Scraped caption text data
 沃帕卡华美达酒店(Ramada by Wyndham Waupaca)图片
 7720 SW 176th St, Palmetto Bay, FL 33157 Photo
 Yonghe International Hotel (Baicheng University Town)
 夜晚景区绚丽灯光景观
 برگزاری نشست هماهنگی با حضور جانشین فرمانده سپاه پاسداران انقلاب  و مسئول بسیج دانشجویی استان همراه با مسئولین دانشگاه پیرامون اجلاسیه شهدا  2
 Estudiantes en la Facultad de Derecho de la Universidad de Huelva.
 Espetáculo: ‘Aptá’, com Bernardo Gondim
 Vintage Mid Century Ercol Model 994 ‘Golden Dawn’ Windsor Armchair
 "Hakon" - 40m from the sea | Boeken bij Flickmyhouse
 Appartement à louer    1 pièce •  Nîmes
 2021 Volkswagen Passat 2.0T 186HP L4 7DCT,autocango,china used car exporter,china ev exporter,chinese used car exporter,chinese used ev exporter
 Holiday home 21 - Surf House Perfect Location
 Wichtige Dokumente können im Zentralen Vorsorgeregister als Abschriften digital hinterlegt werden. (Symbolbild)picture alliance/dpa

**WORK TASK:** What you return must match, line for line, the data from the line containing "Vintage Mid Century" to its end, both ends included.

**RESULT OF THE EXERCISE:**
 Vintage Mid Century Ercol Model 994 ‘Golden Dawn’ Windsor Armchair
 "Hakon" - 40m from the sea | Boeken bij Flickmyhouse
 Appartement à louer    1 pièce •  Nîmes
 2021 Volkswagen Passat 2.0T 186HP L4 7DCT,autocango,china used car exporter,china ev exporter,chinese used car exporter,chinese used ev exporter
 Holiday home 21 - Surf House Perfect Location
 Wichtige Dokumente können im Zentralen Vorsorgeregister als Abschriften digital hinterlegt werden. (Symbolbild)picture alliance/dpa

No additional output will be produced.